Was ist das primäre Ziel der Untersuchung?
Ziel ist es, die Problematik des Abmahnmissbrauchs aufzuzeigen und zu untersuchen, wie man diesem durch rechtliche Klarstellung effektiv entgegenwirken kann.
Welche wissenschaftliche Methode wurde verwendet?
Es handelt sich um eine juristische Analyse, die auf einschlägiger Rechtsprechung, Gesetzesgrundlagen (insb.

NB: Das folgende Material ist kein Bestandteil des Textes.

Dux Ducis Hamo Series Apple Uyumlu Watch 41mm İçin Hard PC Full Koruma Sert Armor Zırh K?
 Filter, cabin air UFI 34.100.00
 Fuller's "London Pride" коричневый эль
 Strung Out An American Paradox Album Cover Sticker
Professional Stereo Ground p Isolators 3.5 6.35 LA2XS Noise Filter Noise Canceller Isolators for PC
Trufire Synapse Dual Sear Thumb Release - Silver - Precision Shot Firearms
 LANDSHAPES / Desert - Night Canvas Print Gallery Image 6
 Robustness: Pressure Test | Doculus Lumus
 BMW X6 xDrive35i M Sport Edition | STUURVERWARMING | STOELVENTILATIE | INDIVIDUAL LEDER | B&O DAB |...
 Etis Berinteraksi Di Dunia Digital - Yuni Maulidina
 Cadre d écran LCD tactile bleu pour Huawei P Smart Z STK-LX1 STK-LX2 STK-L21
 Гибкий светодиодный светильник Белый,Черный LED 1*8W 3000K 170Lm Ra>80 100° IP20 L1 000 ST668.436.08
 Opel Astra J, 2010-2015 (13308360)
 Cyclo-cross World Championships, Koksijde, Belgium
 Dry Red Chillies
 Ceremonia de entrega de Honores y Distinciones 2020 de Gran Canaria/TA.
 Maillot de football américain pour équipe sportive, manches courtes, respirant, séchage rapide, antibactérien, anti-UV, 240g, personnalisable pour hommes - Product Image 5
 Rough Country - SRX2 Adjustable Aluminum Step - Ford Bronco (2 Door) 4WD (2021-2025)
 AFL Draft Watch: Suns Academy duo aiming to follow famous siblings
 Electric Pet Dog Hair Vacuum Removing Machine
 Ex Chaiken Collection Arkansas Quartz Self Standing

UWG und UrhG) und aktueller Fachliteratur basiert.
Was wird im Hauptteil der Arbeit behandelt?
Der Hauptteil analysiert das System der Abmahnung, den Missbrauchstatbestand nach § 8 IV UWG, Beweislastfragen, die Haftung bei Internetzugängen und die Kostenstrukturen inklusive möglicher betrügerischer Praktiken.
Welche Schlüsselwörter charakterisieren die Arbeit?
Wichtige Begriffe sind Abmahnung, Abmahnwelle, Rechtsmissbrauch, § 8 IV UWG, Urheberrecht, Filesharing und Abmahnkosten.
Welche Rolle spielt der Missbrauchseinwand nach § 8 IV UWG?
Er dient als rechtliches Korrektiv, um Abmahnungen, die primär sachfremde Ziele verfolgen – wie etwa die Gebührenerzielung oder gezielte Wettbewerbsbehinderung – zu unterbinden.
Warum ist die Haftung bei WLAN-Anschlüssen ein Thema?
Weil die Störerhaftung für Anschlussinhaber bei unzureichend gesicherten WLANs zu einer erheblichen Belastung führen kann, was oft als Grundlage für (teils missbräuchliche) Abmahnwellen dient.
Was bedeutet die "Anspruchsbegrenzung nach § 97 a II UrhG"?
Dies ist eine gesetzliche Regelung, die darauf abzielt, Anwaltskosten bei erstmaligen, einfachen Abmahnungen außerhalb des geschäftlichen Verkehrs zu deckeln.
Werden auch betrügerische Praktiken von Anwälten erwähnt?
Ja, die Arbeit thematisiert, dass das Abmahnwesen in der Praxis teilweise als lukratives, betrügerisches Geschäftsmodell genutzt wird, bei dem Anwälte und Mandanten interne Erfolgshonorare vereinbaren.